┌──

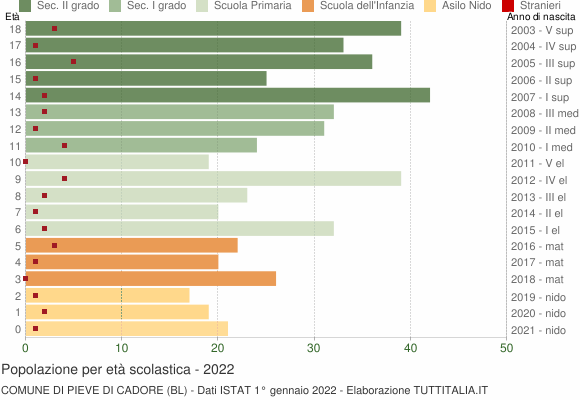Grafico Popolazione in età scolastica - Pieve di Cadore 2022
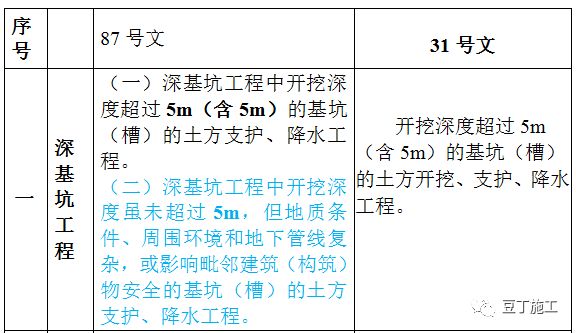 刘伯温的4949资料｜定性剖析诠释界说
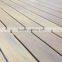 Co-extrusion WPC Decking for Outdoor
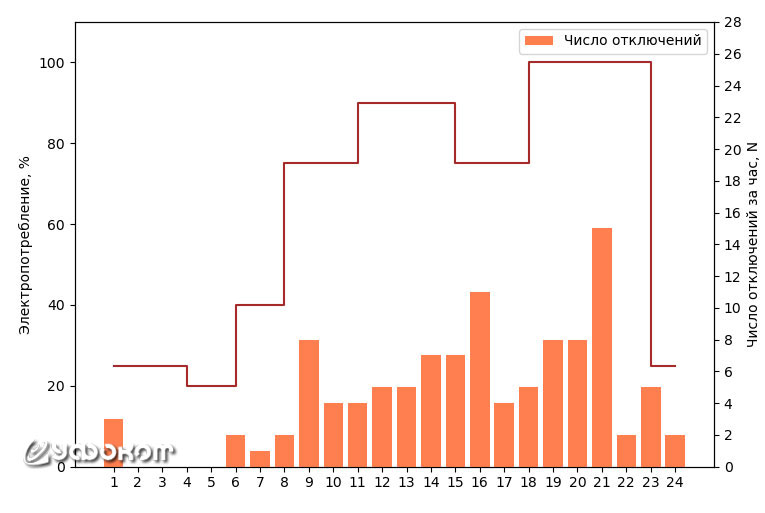 Рис. 16. Распределение по времени в течение суток отключений ЛЭП в Томске по неизвестным причинам в 1997–1999 годах.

└──

Return the listing verbatim, pictures excluded.

### Expected answer
Grafico Popolazione in età scolastica - Pieve di Cadore 2022
 刘伯温的4949资料｜定性剖析诠释界说
 Co-extrusion WPC Decking for Outdoor
 Рис. 16. Распределение по времени в течение суток отключений ЛЭП в Томске по неизвестным причинам в 1997–1999 годах.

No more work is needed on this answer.